Internet data supply for training artificial intelligence linguistic models could dry up

The systems artificial intelligence as ChatGPT They could soon run out of the element that makes them increasingly intelligent: the billions of words that people have written and shared on Internet.

A new study released Thursday by research group Epoch AI predicts that tech companies will exhaust the supply of publicly available training data for AI language models sometime between 2026 and 2032.

Tamay Besiroglu, one of the study's authors, compares the phenomenon to a “gold rush” that depletes finite natural resources, and says the field of AI could struggle to maintain its current pace of progress once reserves are depleted. of human-generated writing.

In the short term, technology companies such as OpenAIthe developer of ChatGPT, and Google, they strive to source, and sometimes pay for, high-quality data sources to train their large AI language models. To do this, for example, they have signed agreements to take advantage of the constant flow of phrases from Reddit forums and the media.

In the long term, there will not be enough new blogs, news articles and social media comments to maintain the current trajectory of AI development, forcing companies to resort to sensitive data that is now considered private, such as emails or text messages, or to rely on “synthetic data” generated by the chatbots themselves, which are less reliable.

“There is a serious bottleneck here,” says Besiroglu. “If you start to run into those limitations on the amount of data you have, you can no longer scale your models efficiently. And expanding the models has probably been the most important way to increase their capabilities and improve the quality of their results.”

Researchers made their first predictions two years ago, shortly before ChatGPT debuted, in a working paper in which they predicted that high-quality text data would run out by 2026. Many things have changed since then, such as new techniques that allow AI researchers to make better use of the data they already have and sometimes “overtrain” multiple times with the same sources.

But there are limits, and following new research, Epoch now predicts that public text data will run out sometime in the next two to eight years.

The team's latest study has been peer-reviewed and will be presented at the upcoming International Conference on Machine Learning in Vienna, Austria. Epoch is a nonprofit institute sponsored by San Francisco-based Rethink Priorities and funded by supporters of effective altruism, a philanthropic movement that has poured money into mitigating the most serious risks of AI.

Besiroglu says AI researchers realized more than a decade ago that aggressively expanding two key ingredients—computing power and the Internet's vast data banks—could significantly improve the performance of AI systems.

According to the Epoch study, the amount of text data fed into AI language models has increased by 2.5 times per year, while computing power has quadrupled per year. Facebook parent company Meta Platforms recently claimed that the largest version of its Llama 3 model — which has not yet come to market — has been trained with up to 15 trillion tokens, each of which can represent a fragment of a word.

But how much data bottlenecking is worth worrying about is debatable.

“I think it's important to keep in mind that we don't necessarily have to train larger and larger models,” says Nicolas Papernot, associate professor of computer engineering at the University of Toronto and researcher at the non-profit Vector Institute for Artificial Intelligence.

Papernot, who was not involved in the Epoch study, says more skillful AI systems can also be created by training more specialized models on specific tasks. However, he is concerned that generative AI systems will be trained on the same results they produce, leading to a performance degradation known as “model crash.”

Training with data generated by AI is “like what happens when you photocopy a sheet of paper and then photocopy the photocopy. Some information is lost.”says Papernot. Not only that, but Papernot's research has also found that it can increase the integration of errors, biases and injustice that are already embedded in the information ecosystem.

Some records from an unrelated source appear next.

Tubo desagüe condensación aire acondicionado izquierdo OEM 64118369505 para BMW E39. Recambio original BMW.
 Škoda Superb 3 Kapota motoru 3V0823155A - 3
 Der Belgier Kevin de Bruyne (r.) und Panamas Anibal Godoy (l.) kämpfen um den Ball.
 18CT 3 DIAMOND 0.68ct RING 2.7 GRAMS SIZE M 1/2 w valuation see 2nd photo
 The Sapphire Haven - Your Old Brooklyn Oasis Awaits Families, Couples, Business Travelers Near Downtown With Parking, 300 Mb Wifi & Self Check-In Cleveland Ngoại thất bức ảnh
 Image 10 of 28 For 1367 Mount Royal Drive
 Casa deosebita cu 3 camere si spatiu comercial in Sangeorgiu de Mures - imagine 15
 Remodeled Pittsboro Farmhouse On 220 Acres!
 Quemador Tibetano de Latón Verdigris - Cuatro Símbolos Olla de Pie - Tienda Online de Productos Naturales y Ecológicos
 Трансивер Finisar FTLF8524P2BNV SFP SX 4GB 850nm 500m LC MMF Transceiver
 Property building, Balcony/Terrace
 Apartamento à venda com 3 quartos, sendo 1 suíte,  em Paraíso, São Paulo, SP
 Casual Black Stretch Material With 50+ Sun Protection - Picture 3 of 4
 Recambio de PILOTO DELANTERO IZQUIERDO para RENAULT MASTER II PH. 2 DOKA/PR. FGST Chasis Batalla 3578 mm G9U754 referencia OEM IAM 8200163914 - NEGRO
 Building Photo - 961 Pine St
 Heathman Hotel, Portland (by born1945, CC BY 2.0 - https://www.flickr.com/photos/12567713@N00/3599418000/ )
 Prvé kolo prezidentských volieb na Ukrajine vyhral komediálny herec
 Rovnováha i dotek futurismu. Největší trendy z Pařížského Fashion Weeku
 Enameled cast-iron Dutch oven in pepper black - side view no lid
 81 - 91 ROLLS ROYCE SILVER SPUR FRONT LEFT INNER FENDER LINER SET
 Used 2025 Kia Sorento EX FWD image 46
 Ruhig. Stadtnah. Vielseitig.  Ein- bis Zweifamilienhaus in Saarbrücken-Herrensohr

If actual human-composed sentences remain a critical data source for AI, administrators of the most coveted treasures—websites like Reddit and Wikipedia, as well as news and book publishers—have been forced to reflect on their use. .

“It's an interesting problem that we're having natural resource conversations about human-created data. “I shouldn't laugh at it, but I think it's amazing.” commented Selena Deckelmann, director of products and technology at the Wikimedia Foundation, which runs Wikipedia.

Although some entities have tried to prevent their data from being used to train AI—often after it has already been used without compensation—Wikipedia has placed few restrictions on how AI companies use articles written by volunteers. Still, Deckelmann says he hopes there will continue to be incentives for people to continue contributing, especially when an avalanche of cheap, automatically generated “junk content” begins to pollute the Internet.

AI companies must “be interested in ensuring that human-generated content continues to exist and be accessible,” he says.

From the perspective of AI developers, the Epoch study states that it is “unlikely” that paying millions of humans to generate the text that AI models will need is a cost-effective way to drive better technical performance.

As OpenAI begins work on training the next generation of its large GPT language models, CEO Sam Altman told attendees at a United Nations event last month that the company has already experimented with “the generation of a lot of synthetic data” for training.

“I think what is needed is high-quality data. There is low quality synthetic data. There is low quality human data”Altman said. But he also expressed reservations about relying too much on synthetic data over other technical methods to improve AI models.

“It would be very strange if the best way to train a model was to generate, for example, 1,000 trillion tokens of synthetic data and feed them back,” says Altman. “Somehow, that seems inefficient.”